1. Vejo as primeiras imagens dos rapazes tailandeses que, com o seu treinador, foram salvos da gruta de Tham Luang Nang Non, no norte da Tailândia. Parece ser um registo de telemóvel, provavelmente de um dos familiares que, separados por vidros, observam os jovens nas camas de uma enfermaria. Há gestos de reconhecimento e cumplicidade, sorrisos e lágrimas. Um dos rapazes desenha um "V" com os dedos da mão direita, logo a seguir juntando as mãos numa prece.
2. Vivemos num contexto social em que a confluência técnica e simbólica de televisão e Internet alimenta uma ânsia perversa pela proliferação de imagens, sempre mais imagens. E, no entanto, apesar disso (e também através disso), a odisseia vivida na Tailândia gerou muito poucas imagens. Até mesmo este primeiro vídeo dos rapazes, finalmente salvos, surpreende pelo seu imaculado pudor. Para que conste, estas primeiras imagens dos rapazes tailandeses duram 37 segundos.
3. Não pretendo condensar "todas" as linguagens (televisivas, jornalísticas, analíticas) que foram utilizadas para informar sobre o que aconteceu na Tailândia. Aliás, num planeta tão saturado de informações, devo começar por admitir que me podem ter escapado muitas variantes dessas linguagens. Ainda assim, atrevo-me a pensar que o que aconteceu na Tailândia foi gerido com uma contenção em que a crua urgência dos acontecimentos nunca foi confundida com a "necessidade" de produzir imagens para satisfazer a lógica mediática dominante. Dito de outro modo: a operação de salvamento nunca se submeteu à "obrigação" de fornecer imagens do que estava a acontecer, muito menos em favorecer a exploração de directos televisivos mais ou menos especulativos e sensacionalistas.

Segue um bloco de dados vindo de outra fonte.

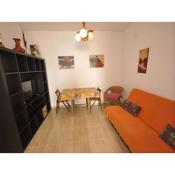 Apartamento con patio interior solo familia pareja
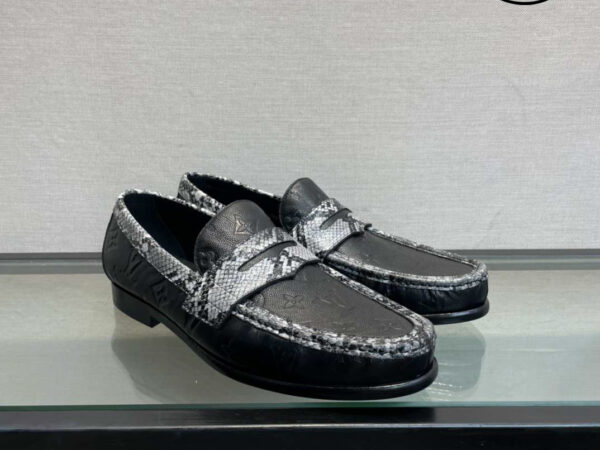 Giày Louis Vuitton Lvxnba Lv Loafers Black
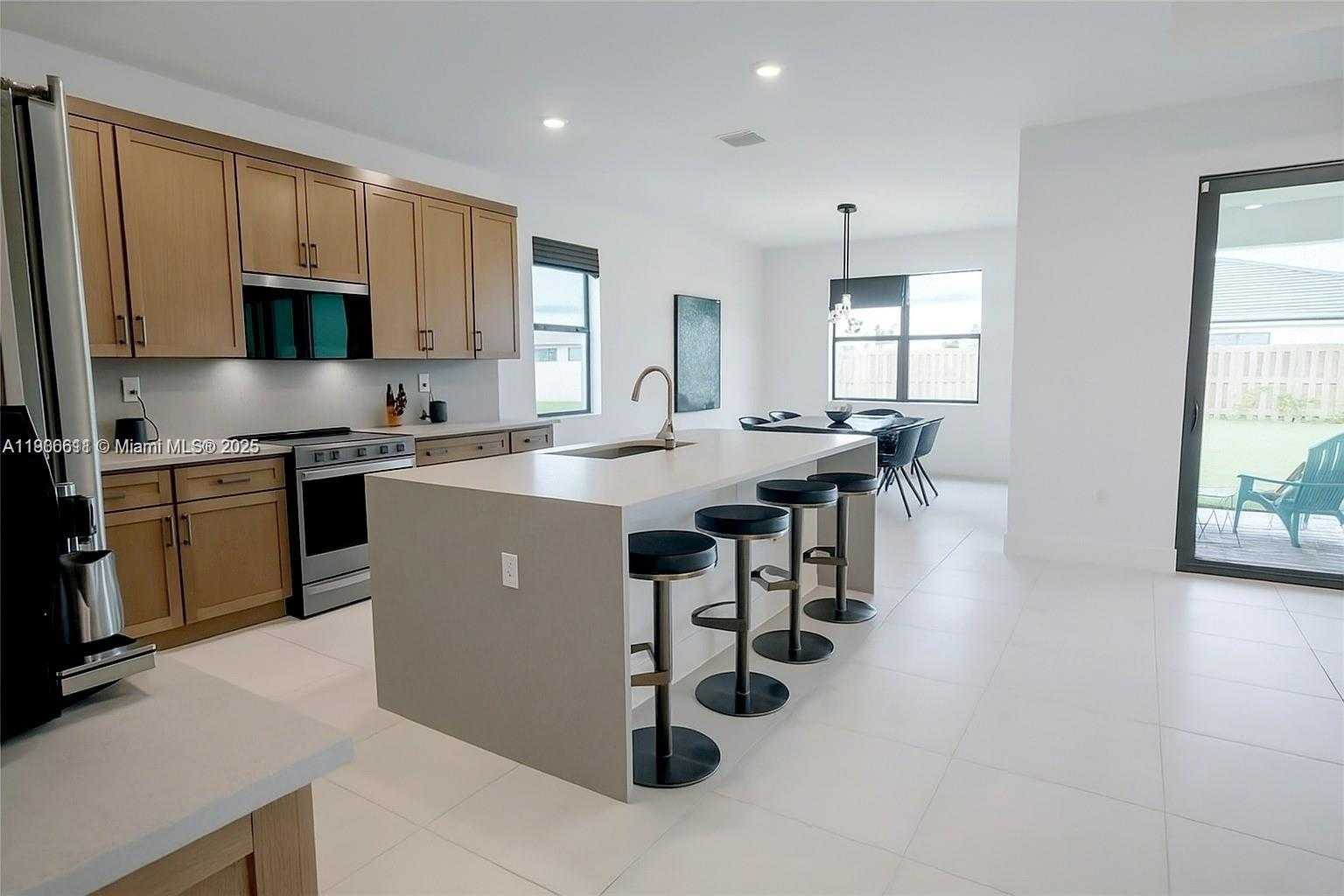 Small Image of 30707 SOUTH WEST 193RD AVE #1, Homestead Number 5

4. Não vi, não li, não encontrei muitas reflexões jornalísticas que mostrassem algum empenho em fazer eco deste princípio de contenção. O drama durou 18 dias, de 23 de Junho a 10 de Julho, foi infinitamente glosado pelos meios de comunicação de todo o mundo, sem que aqueles que estavam a vivê-lo directamente (famílias, autoridades políticas, equipas de salvamento) se submetessem a um processo simplista de validação mediática. Em boa verdade, o seu recato pode justificar algumas interessantes questões - mediáticas, justamente. Por exemplo: porque é que as treze pessoas presas numa caverna na Tailândia foram transformadas numa "história", enquanto os mais de 200 mortos provocados, no mesmo período, pelas cheias no Japão tiveram um tratamento de "rotina"?
5. Há um equívoco que importa contrariar. Não, não se trata de fazer inventários de cadáveres e, a partir daí, "idealizar" modelos mediáticos. Acontece que a globalização - certamente plural e não poucas vezes contraditória - vive também destes impasses: por um lado, os ecos da Tailândia rasuraram quase tudo o que estava a acontecer ao mesmo tempo; por outro lado, o próprio evento tailandês resistiu a ser tratado como espectáculo mediático.

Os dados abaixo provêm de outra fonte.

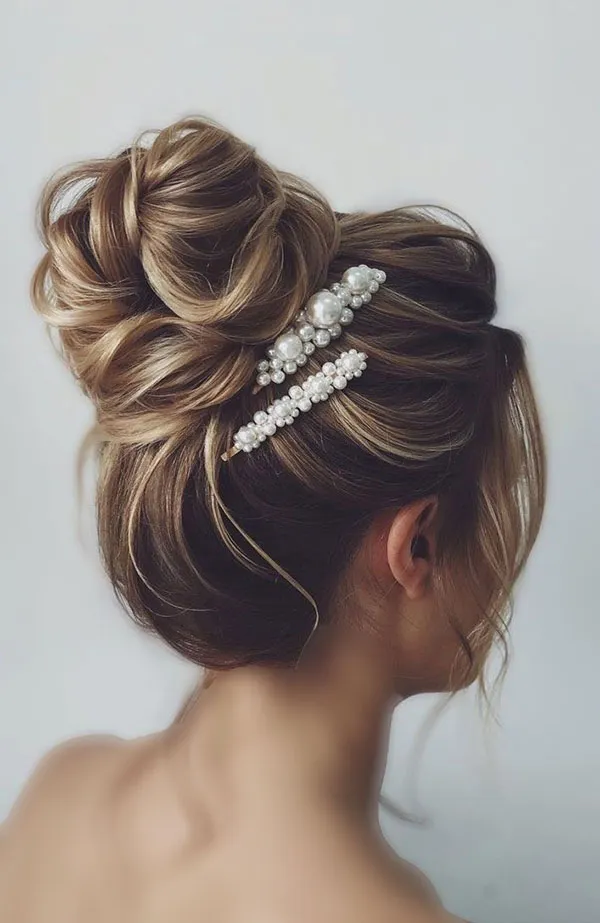 Tomato hairstyle for wedding 8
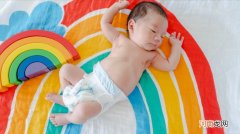 月子里新生儿如何喂养 新生儿胃容量变化图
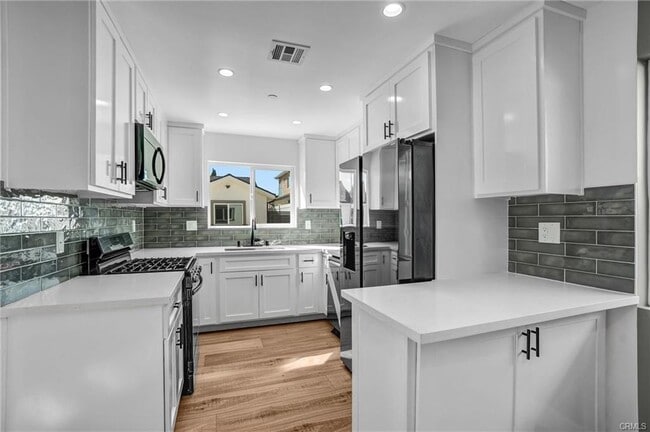 Building Photo - 2124 W 238th St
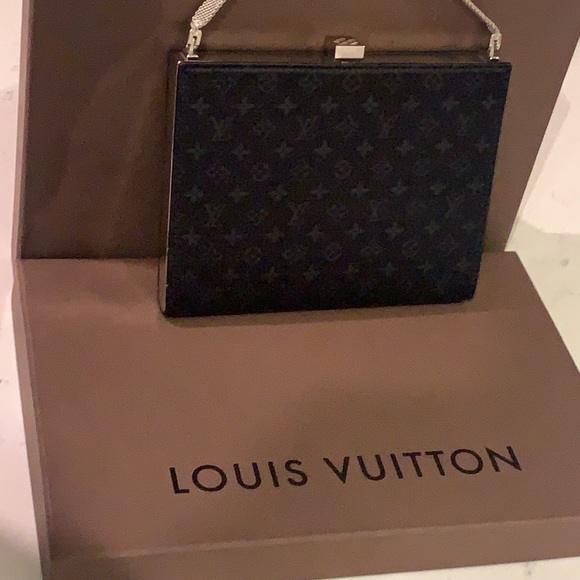Louis V black dinner bag! - Picture 2 of 6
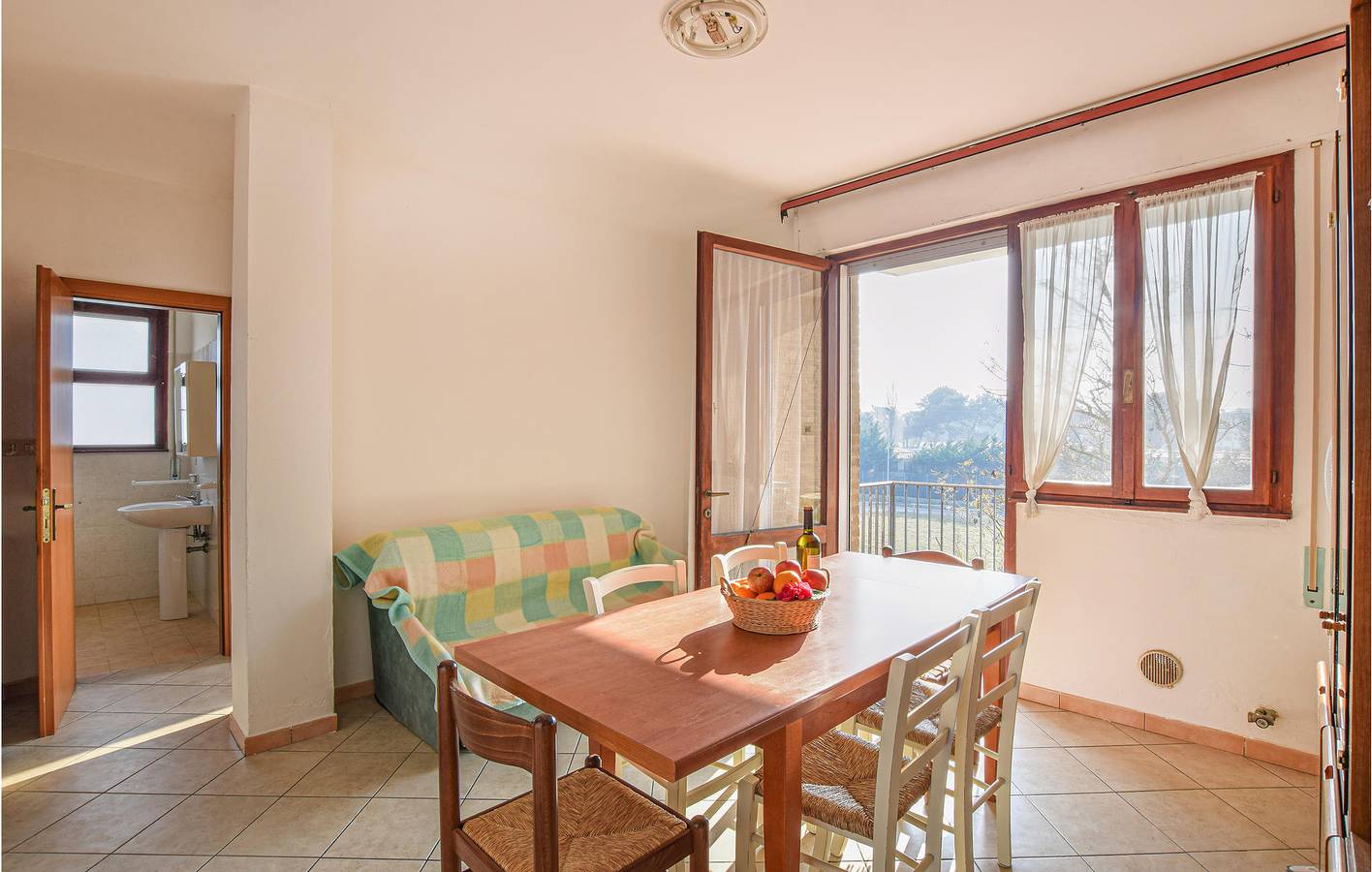 Entire holiday apartment, 200m Beach Condo with Parking & Terrace in Rosolina Mare, Polesine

6. Não tenho, longe disso, qualquer certeza, fechada e definitiva, para definir os modos "correctos" de tratar situações tão extremas. Em todo o caso, quanto mais não seja por defeito profissional, não posso deixar de recordar que, há muito tempo, o cinema reflecte sobre estes problemas deontológicos e éticos - numa palavra, humanos - que, agora, não poucas vezes, parecem atrair alguma indiferença jornalística. Penso, em particular, na herança preciosa da obra-prima de Alain Resnais, Hiroshima, Meu Amor (1959), filme não exactamente sobre a memória da bomba atómica através das imagens, antes apostado em enfrentar a dificuldade de gerar imagens para construir essa memória.
7. As imagens estão lá, é verdade. Mas surgem a partir de uma frase, de uma só vez programática e poética, na voz de veludo de Emmanuelle Riva: "Tu não viste nada em Hiroshima".